No hay una respuesta única: el impuesto de sucesiones está cedido a las comunidades autónomas y cada una fija sus reducciones y bonificaciones. En 2026, para hijos, cónyuge y padres (grupos I y II), varias comunidades bonifican prácticamente toda la cuota, mientras que para hermanos, sobrinos o extraños (grupos III y IV) se paga bastante más. La única forma de saber tu caso es calcularlo con la normativa de tu comunidad o consultarlo con un asesor.

¿Cuál es el plazo para pagar el impuesto de sucesiones?

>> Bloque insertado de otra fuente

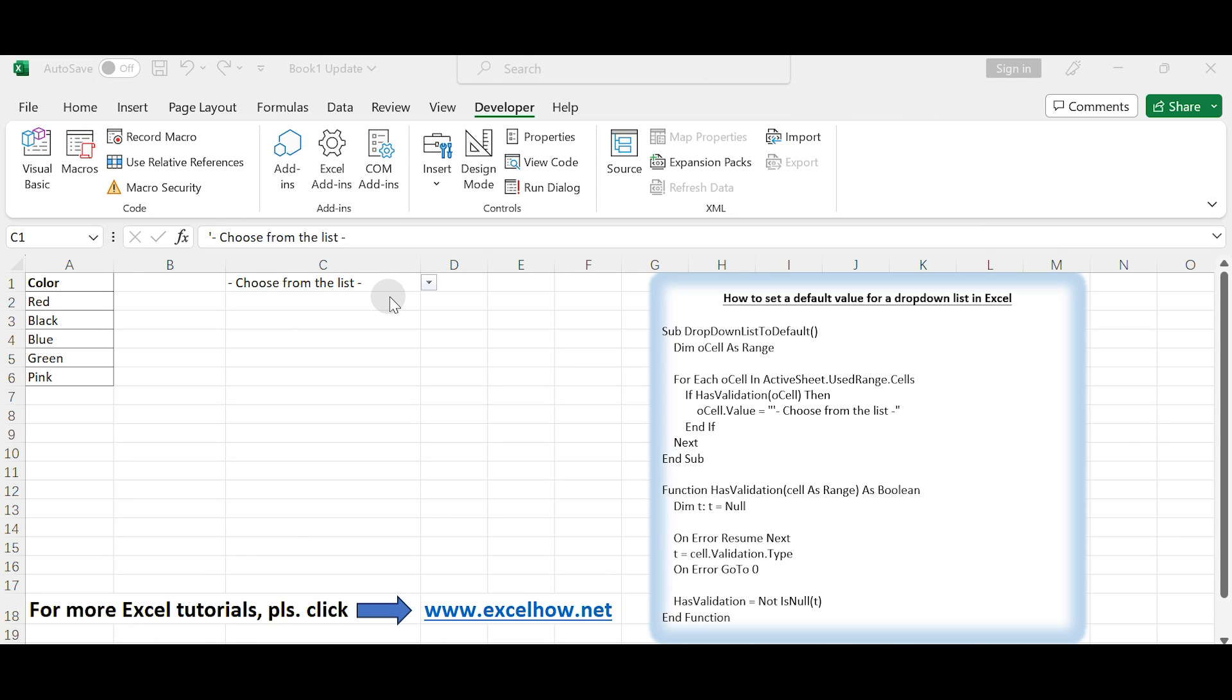Hello everyone and welcome to my channel. In today's video, we will learn how to set a default value for a drop-down list in Excel.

Seis meses desde la fecha del fallecimiento. Puede pedirse una prórroga de seis meses más, pero hay que solicitarla dentro de los cinco primeros meses del plazo inicial. Si no se presenta en plazo, Hacienda aplica recargos aunque la cuota sea cero, así que conviene no dejarlo para el final.

¿Hay que presentarlo aunque no salga nada a pagar?

Con carácter general, sí. Aunque las bonificaciones dejen la cuota en cero, la mayoría de comunidades exigen presentar la autoliquidación o declaración dentro del plazo, y el banco no libera las cuentas ni el Registro inscribe los inmuebles sin el justificante de presentación. Presentar y pagar son cosas distintas: puede tocar presentar sin pagar nada.

¿El dinero de un seguro de decesos tributa en sucesiones?

El seguro de decesos paga un servicio, no un capital a los herederos, así que normalmente no genera un capital que tribute. Es distinto de un seguro de vida con capital, cuya indemnización sí tributa (con una reducción específica para los beneficiarios), como explicamos en la guía de fiscalidad del seguro de decesos.